As a small company owner, one of the first and most critical things you’re going to invest in is invoicing accounting software. Now clearly, in 2017, software in the classic sense, doesn’t really exist anymore. Most software or applications are hosted in the cloud, and FreshBooks was one of the first accounting software to provide that service totally cloud-based.
So, let’s have a look and examine FreshBooks in detail, and see whether it’s worth your hard-earned cash.
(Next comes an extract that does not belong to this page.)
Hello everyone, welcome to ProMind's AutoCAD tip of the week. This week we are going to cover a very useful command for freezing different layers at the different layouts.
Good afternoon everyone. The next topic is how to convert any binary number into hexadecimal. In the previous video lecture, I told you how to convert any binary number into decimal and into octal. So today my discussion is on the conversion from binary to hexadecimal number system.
As soon as you log in to FreshBooks for the first time, you receive the dashboard each time you log in. Here you receive a detailed but also short summary of your overall financial condition for your firm.
Starting at the top with outstanding income, all of your clients who still owe you money and haven’t paid bills, and you may check in numerous currencies. If you continue further down, you may receive a quick summary of your overall earnings anywhere from month to month, or by quarter, for any period since you began your firm.
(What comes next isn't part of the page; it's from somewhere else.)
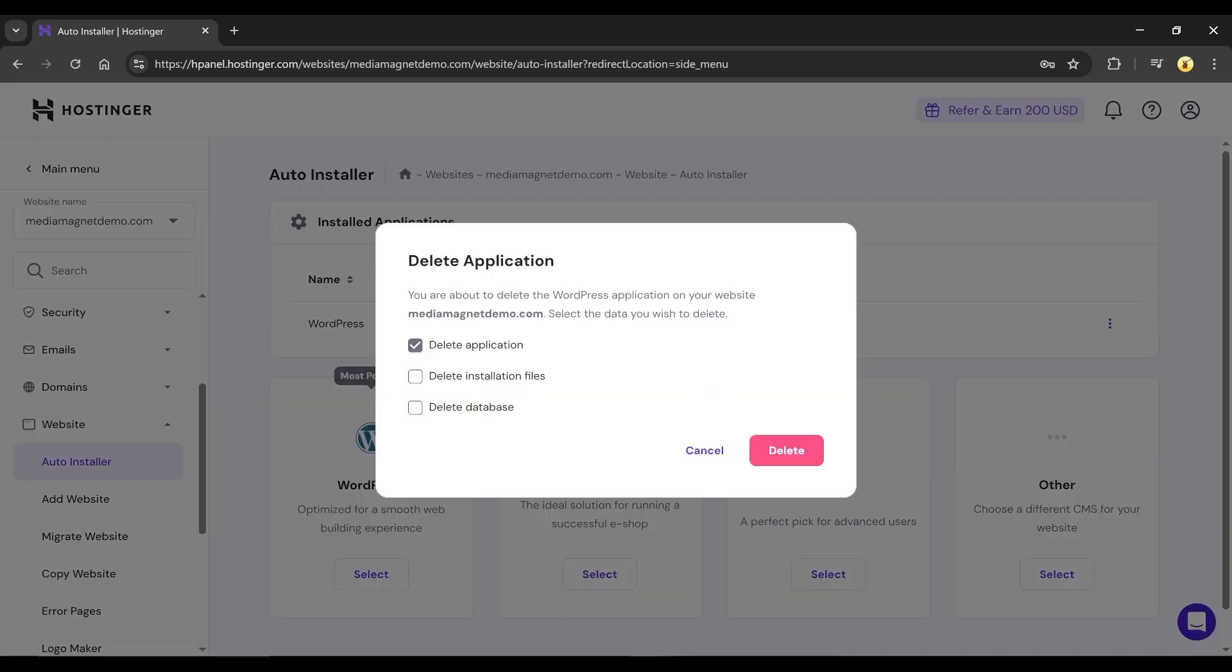You'll be given options to delete the application, installation files, or even the entire database. Choose as per your requirement and confirm the deletion.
And if you go further down, you can keep track of your expenditures for the same time frames, from any point of time beginning and end, any currency, and divides the costs down into categories to obtain a fast picture of where you’re spending your money. Then if you look to the bottom, the final feature is the advanced reports.
This is one of the best things FreshBooks provides. It simply takes all of your data, and with one click, you can obtain these rapid, powerful reports that provide you more insight into your company. So, here is the overall aesthetic of the dashboard. It’s a terrific method to assess where your firm is financially.
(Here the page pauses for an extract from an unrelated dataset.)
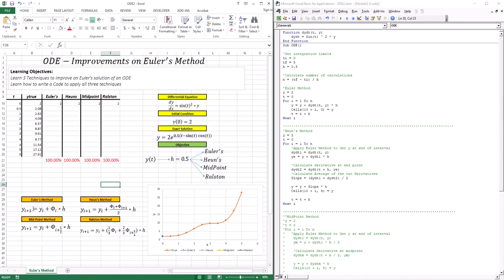In this lesson, we're going to apply these methods to the function dy/dx = sin(t²) · y. Unlike the previous example, this one is defined in terms of both y and the independent variable t. The initial condition is y(0) = 2, and here is the exact solution we're after. I'll compare these four methods at a step size of 0.5 — Euler, Heun's, Midpoint, and Ralston — to see which performs best.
Decent accounting software is only as good as its invoicing capabilities.
Thankfully, because FreshBooks began its start with merely invoicing, that’s where most of its features can be found.
So, let’s have a look at what it takes to make an invoice in FreshBooks.
As you can see, FreshBooks sort of has this Weebly feel to it where you can really see what the invoice would look like on the live preview as you add information to it. Obviously, all the fundamentals are present: client information, date issued, due dates, customizable invoice numbers, your logo, and your brand.
All the fundamentals in invoicing are present, but additionally, you get extra options on the side.
Simple stuff like taking credit cards is incredibly easy to implement only with a simple click and then you can pick whatever payment processor you want.
We’ll speak a little bit about it later on. Other aspects include modifying the invoice design, you may personalize it to your own brand, colors, and alternative fonts, as well.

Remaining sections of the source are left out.